In total, there are more than 20 documents in the series, with several more still in development. This framework applies to public and private organizations of all sizes. According to the ISO website, “ISO standard recommends for information security management for use by initiating, implementing, or maintaining security in your organization. Its target is to provide a common basis for developing security standards and best security management practice”.

Threats, Vulnerabilities, and Exploits

The following sections explain threats, vulnerabilities, and exploits.

What Is a Threat?

A threat is any possible danger to an asset. If any vulnerability is there but has not yet been exploited or, more importantly, not yet publicly known, the threat is latent and not still realized. If someone is performing an attack against your system and successfully access something or compromise your security against an asset, the threat is realized. The entity exploiting the vulnerability is known as the malicious actor and the route used by this actor to carry out the attack is known as the threat agent or threat vector.

What Is a Vulnerability?

A vulnerability is a weakness in the design, implementation, software, or code of the system or in the lack of a mechanism. A specific vulnerability can manifest itself as anything from weakness from system design to implementation of an operating procedure. The correct implementation and security countermeasures could mitigate a vulnerability and reduce the risk of exploitation. Vulnerabilities and weaknesses are common, mainly because there is no perfect software or existing code. Some vulnerabilities have limited impact and are easily mitigated; Nevertheless, many have broader implications.

Vulnerabilities can be found in each of the following:

Applications: The software and applications come with many functionalities. Applications can be configured for usability rather than security. Applications can be in need of an update that may or may not be available. Attackers targeting applications have an environment rich in objectives to examine. Think of all applications running on your home or work computer.

Operating systems: The operating system software is installed on workstations and servers. Attackers search for vulnerabilities in operating systems that have not been updated with the latest security patches.

Hardware: Vulnerabilities can be found in hardware as well. Mitigation of a hardware vulnerability might require microcode the patches. Examples of known hardware vulnerabilities are Spectre and Meltdown. These vulnerabilities take benefit of a feature called speculative execution which is most common to modern processor architectures.

Misconfiguration: The configuration for the device or software may be misconfigured or may have deployment in an insecure state. This could be unwanted open ports, vulnerable services, or misconfigured network devices.

Shrinkwrap software: This is an application that runs on a workstation or server. When installed on a device, it can have lots of functionality or sample scripts or code available.

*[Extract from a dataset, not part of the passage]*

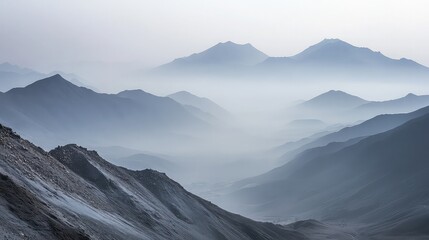 A mountain range shrouded in smog, where the peaks are barely visible, and the surrounding valleys are filled with gray haze.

Common Vulnerabilities and Exposures (CVE)

Security researchers and vulnerability coordination centers typically assign vulnerabilities an identifier that is disclosed to the public. This is known as the Common Vulnerabilities and Exposures (CVE) identifier. CVE is an industry-wide standard.

 

What is an Exploit?

An exploit refers to a piece of software, a tool, a technique, or a process that exploits a vulnerability that leads to access, escalation of privileges, loss of integrity, or denial of service on a computer system. Exploits are dangerous because all software has vulnerabilities. Hackers and perpetrators know vulnerabilities exist and seek to exploit them. Although most organizations try to find and fix vulnerabilities, some organizations lack sufficient funding, processes, policies, and design practices to ensure their networks. Sometimes no one may know that the vulnerability exists and is exploited. That is known as a zero-day exploit. Even when you know there is a problem, you are burdened by the fact that there is a window between when a vulnerability is revealed and when a patch is ready to protect against the exploit.